Is there an activity with as many unique styles, themes, flavors, and preferences as investing? It does seem like the possibilities and approaches are endless. Fashion might be a good analog…many styles, many possibilities. Or as one of our friends likes to say, “in investing, there are many ways to get to heaven.”
So where do we start? How do we ground ourselves? I like to begin with two foundational questions.
First, what is it for? Meaning what is investing for; what are we actually trying to accomplish with our investing activities? For most individuals, the answer falls into one of three categories:
Reserves. Set aside dollars we might need in the next three-to-five years.
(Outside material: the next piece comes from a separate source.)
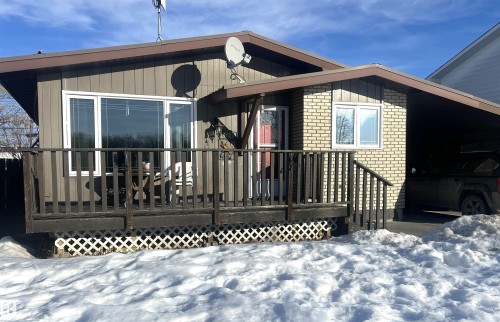 Back of property with brick siding, a wooden deck, and an attached carport - 4628 46 Ave, Evansburg, AB - Outdoor With Deck Patio Veranda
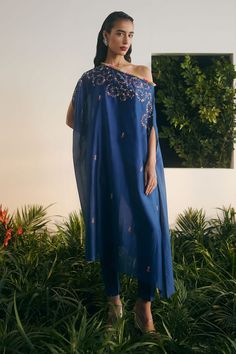 Cobalt blue off shoulder thread embroidered kaftan style tunic. Paired with a blue cigarette pant and a short cotton one shoulder slip. - Aza Fashions One Shoulder Embroidered Festive Sets, One-shoulder Embroidered Festive Sets, Festive One-shoulder Embroidered Set, Festive One-shoulder Set With Resham Embroidery, Traditional One-shoulder Embroidered Dress, Embroidered Kaftan, Kaftan Style, Embroidered Tunic, Fashion App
Purchasing Power. For dollars we might need to spend beyond the next five years, we want to increase the likelihood that those dollars can buy more in the future than they do today.
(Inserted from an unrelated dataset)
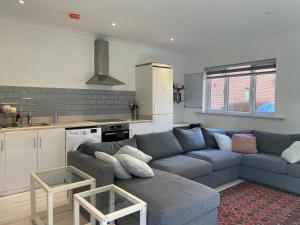 a living room with a blue couch and a kitchen at Fully Detached Studio Annexe with Double Bed for 2 & Sofa Bed for 2 in Cambourne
Wealth Creation. For changing future financial flexibility and/or lifestyle.
The second question is who is it for? Meaning what are the hopes, fears, and stories of the individual doing the investing?
The investment industry answers this question with risk profiles designed to understand how much price variation an investor can tolerate without changing their answer to the first question.
But our answer to the question of “who is it for” starts with “it’s for an entrepreneur” since that’s the audience we serve. We’ve found most entrepreneurs are comfortable with asset concentration (one or few assets make up most of the net worth) if they know the asset really well (like the business they founded) or the asset is tangible (like real estate). Otherwise they prefer low risk.
It’s either invest big in what they know; or stay safe. There’s usually not much in between.
So most of our work involves helping the entrepreneur with Reserves (category 1 above) or helping entrepreneurs with assets they already know well (their business(es) and real estate).
But sometimes there are instances where entrepreneurs hold assets that are best suited for category 2 (e.g. retirement accounts). In those cases we design a strategy with lower price volatility and more predictable returns that can modestly outperform inflation. The entrepreneur will be comfortable enough to stick with the strategy during inevitable periods of mediocre performance.
Occasionally, we see situations where the entrepreneur has enough confidence in someone else - a management team for a business or an investment manager for a strategy or fund – that they are willing to outsource the knowledge and risk management work the entrepreneur would do if they were running the business or doing the research themselves.
The entrepreneur makes a shift – from owner-operator to just owner. In our experience, most entrepreneurs FAR prefer to be owner-operator but they are willing to adopt the “owner only” role if they know the people or opportunity really well.
By thinking carefully about what is it for and who is it for we can approach the entrepreneur/investing question in a vastly different way. We can define objectives and be clear about the role the entrepreneur plays and what can be expected. In creating a style for each client, we create a foundation that’s built to last.